How do you use __m256d
?
Say I want to use the Intel AVX instruction _mm256_add_pd on a simple Vector3
class with 3-64 bit double
p
First I'd like to clear up a little confusion. __m256d
isn't a type of register, it's a data type that can be loaded into an AVX register. A __m256d
is no more a register than an int
is a register. There are a few ways to get data in and out of an __m256d
(or any other vector type):
Using a union
: Yes, the union
trick works.
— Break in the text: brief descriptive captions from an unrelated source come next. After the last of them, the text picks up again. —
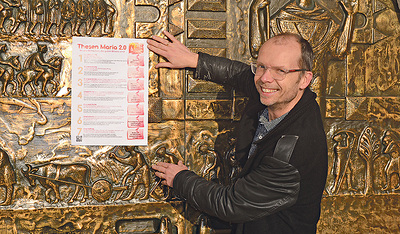 Pfarrleiter Harald Prinz in Enns beim Thesenanschlag. 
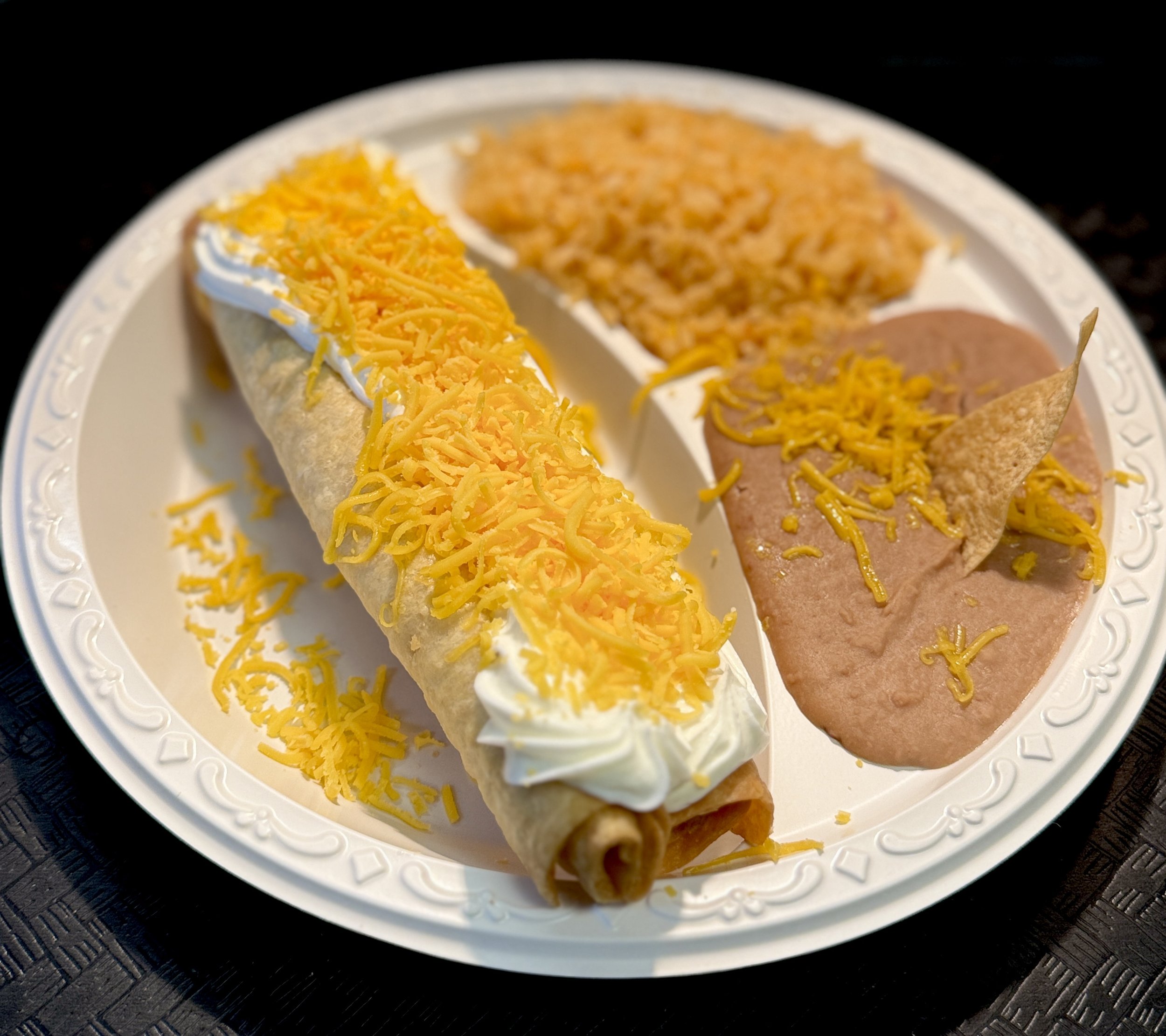 2 Flautas Combo Plate
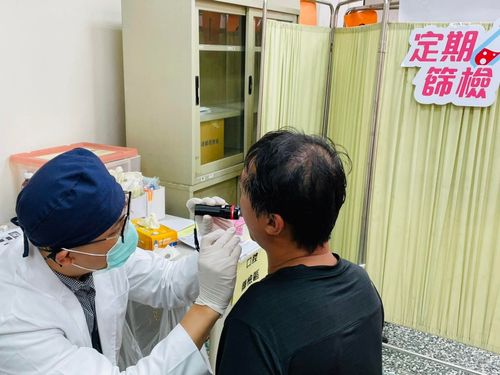 「紅唇族」嘴破1年未癒竟是罹患口腔癌 醫師點出關鍵「致癌因子」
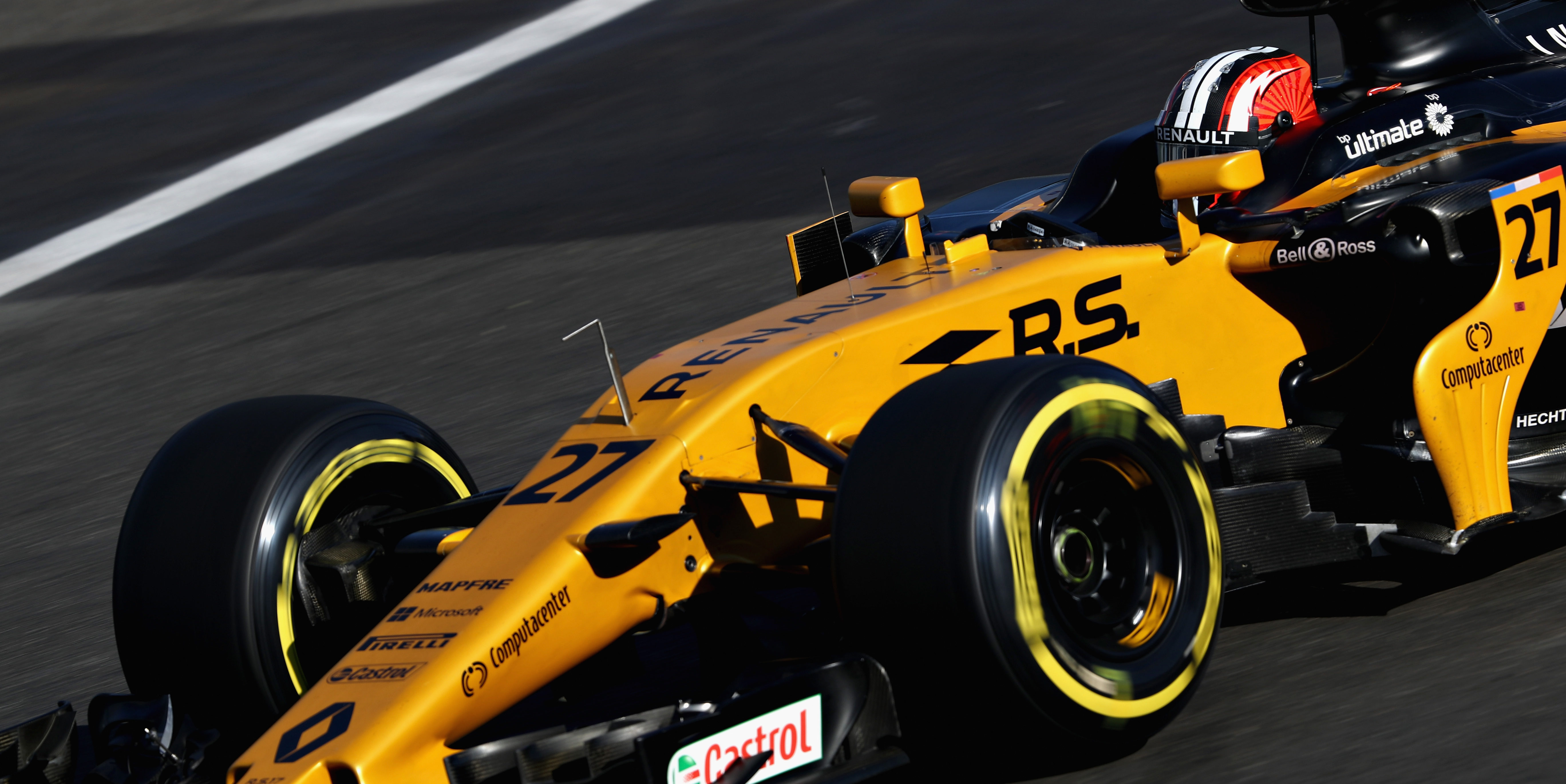 Renault hoping to match Mercedes engine by 2018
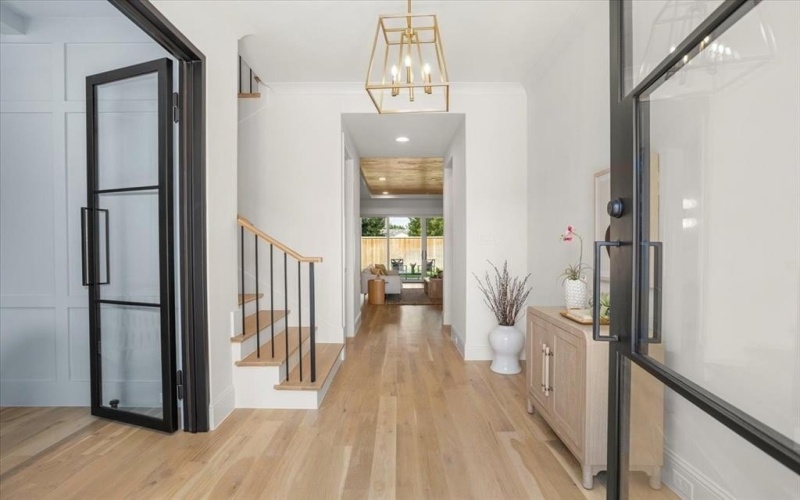 3935 Rochelle Drive, Dallas, TX 75220, 5 Habitaciones Habitaciones , ,6 BañosBaños,Residential,En Venta,3935 Rochelle Drive,0,21157045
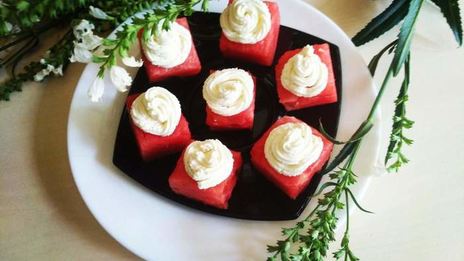 арбузное канапе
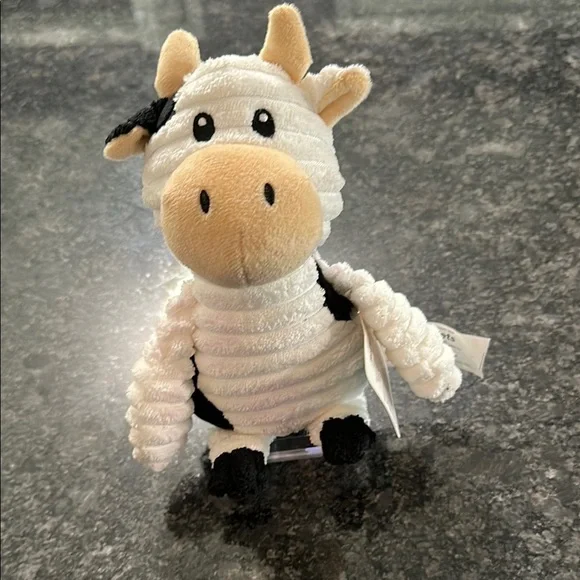 Prime Pets Dog Toy Adorable Cow Plush Squeaky Toy 8” x 6” NWT Farm Animal Friend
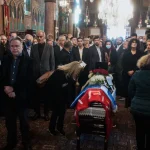 Νεκτάριος Σαντορινιός: «Θα είσαι δίπλα μας παρών πάντα αγαπημένε μας σύντροφε»- Με δύο σημαίες το φέρετρο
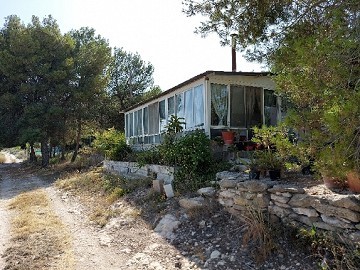 Teilweise renoviertes Landhaus mit 4 Schlafzimmern und 1 Bad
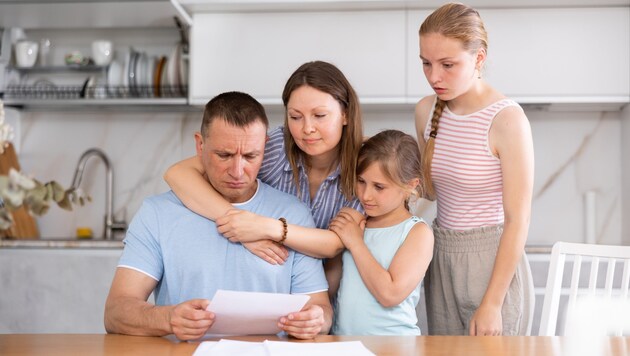 Familien treffen die generell gestiegenen Kosten den Angaben zufolge besonders hart.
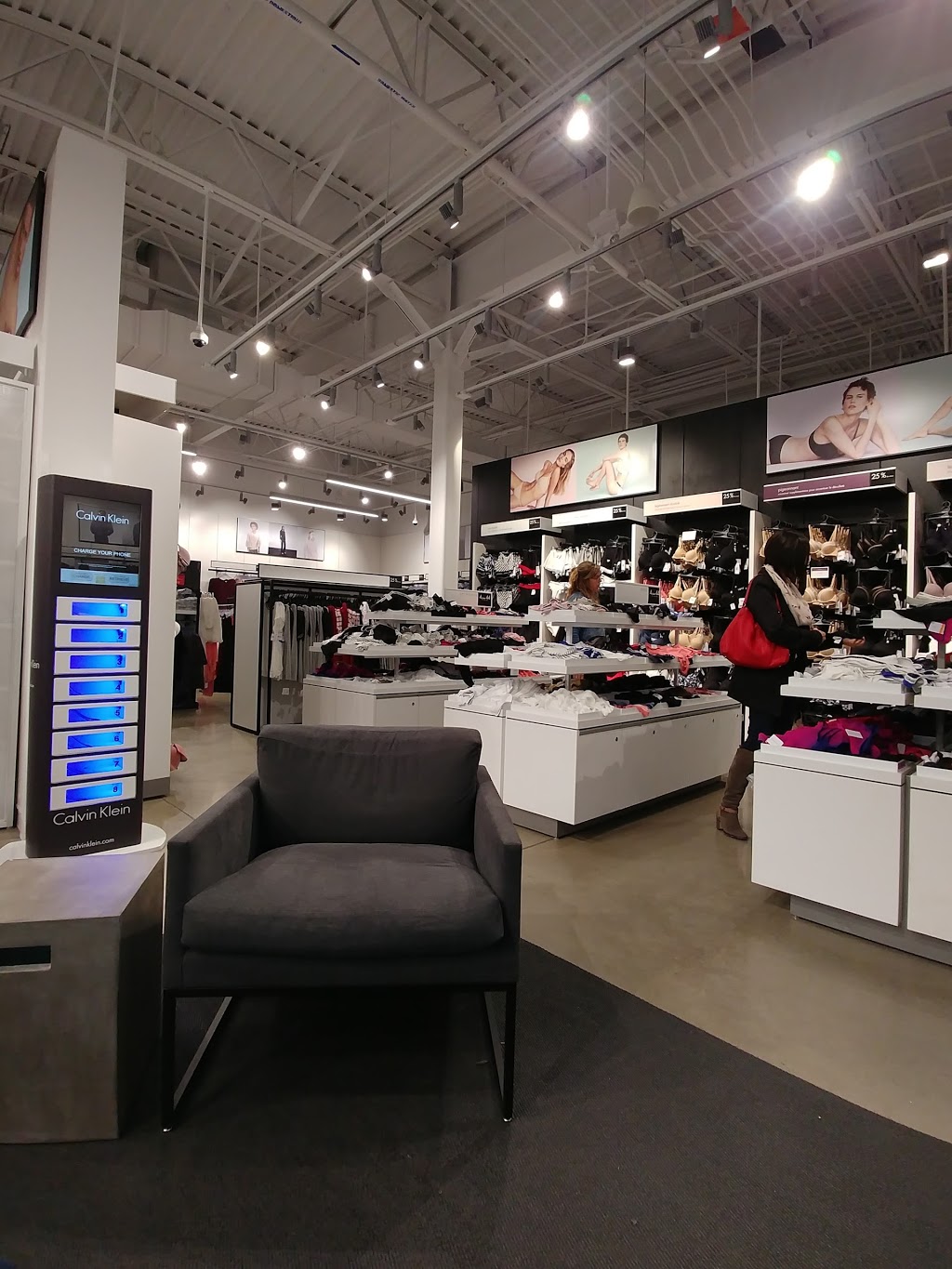 Calvin Klein Outlet | 19001 Chemin Notre Dame Suite #421, Mirabel, QC J7J 0R6, Canada | Phone: (450) 420-3897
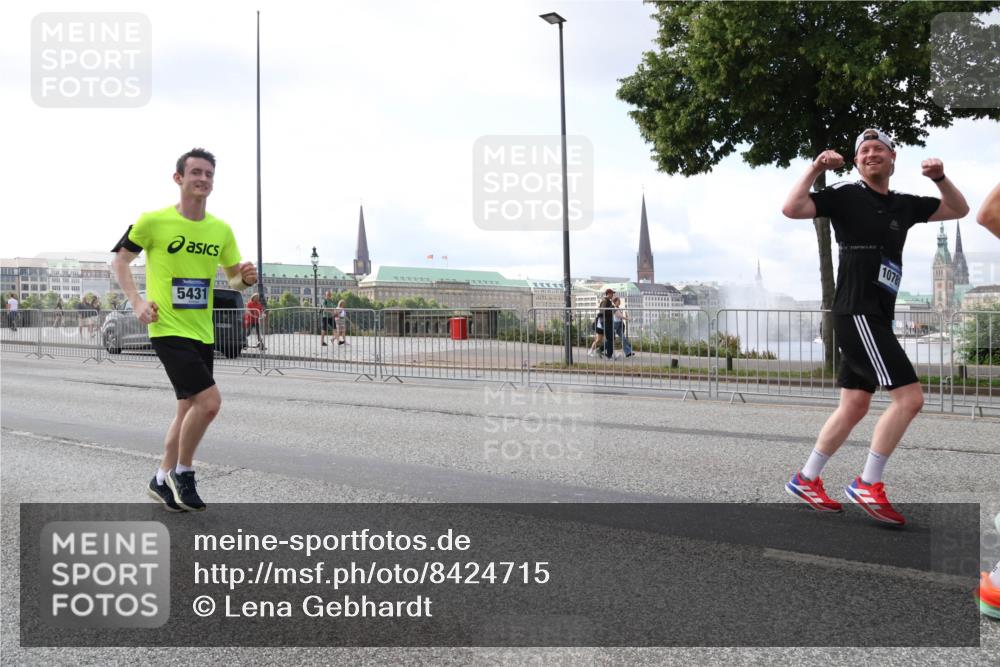 29.06.2025 - hella hamburg halbmarathon Lena Gebhardt http://msf.ph/oto/8424715 29.06.2025 10:06:21 Lombardsbrücke 5431, 1078, 1245, 1448, 1766, 1830, 1842, 3062, 4169, 4542, 4666, 4868, 5431, 5951, 6014, 6314, 6664, 7138, 7741, 8051, 8316, 9361, 9560, 10214, 10297, 10736, 10781, 10886, 12371, 13042, 13054, 13475, 13481, 13863, 14369, 14607, 14987, 15113, 15145, 15229, 15377, 15462, 15537, 15766, 15772, 15858, 16441, 16687, 17059, 17239, 17746, 17885, 18042, 18575, 18577, 18652, 18768, 18857, 18910, 18913, 18966 meine-sportfotos.de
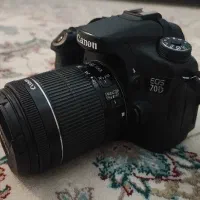 دوربین 70 d canon به همراه دوعدد لنز و کیف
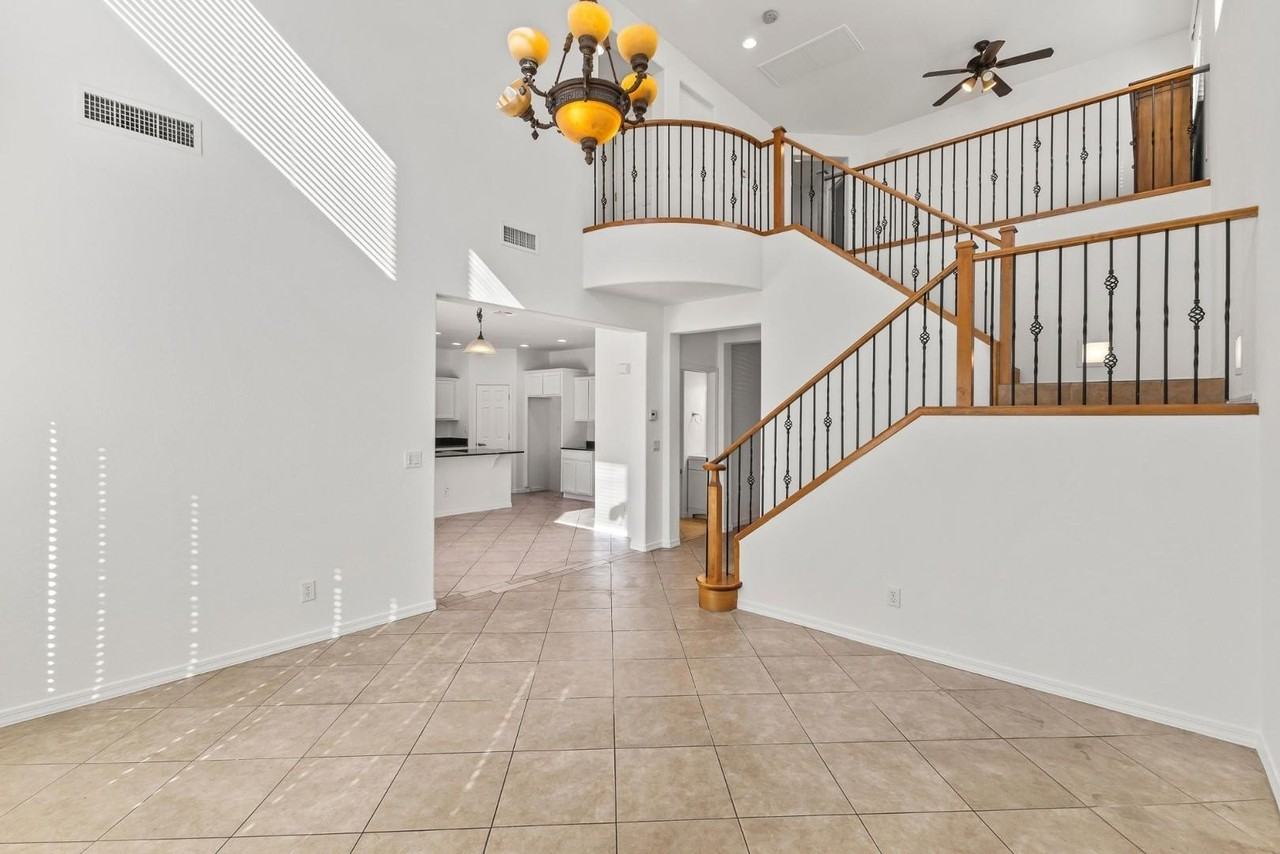 2535 W Lucia Dr - Photo 6 of 16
It works very well, since the union will generally have the correct alignment (although malloc
might not, use posix_memalign
or _aligned_malloc
).
class Vector3 {
public:
Vector3(double xx, double yy, double zz);
Vector3(__m256d vvec);
Vector3 operator+(const Vector3 &other) const
{
return Vector3(_mm256_add_pd(vec, other.vec));
}
union {
struct {
double x, y, z;
};
__m256d vec; // a data field, maybe a register, maybe not
};
};
Using intrinsics: Inside a function, it's usually easier to use intrinsics to get data in and out of a vector type.
__m256d vec = ...;
double x, y, z;
vec = _mm256_add_pd(vec, _mm256_set_pd(x, y, z, 0.0));
Using pointer casts: Casting pointers is the last resort for a couple of reasons.
The pointer might not be aligned correctly.
Casting pointers can sometimes mess with the compiler's aliasing analysis.
Pointer casting bypasses a number of safety guarantees.
So I'd only use pointer casting to plow through a big array of data.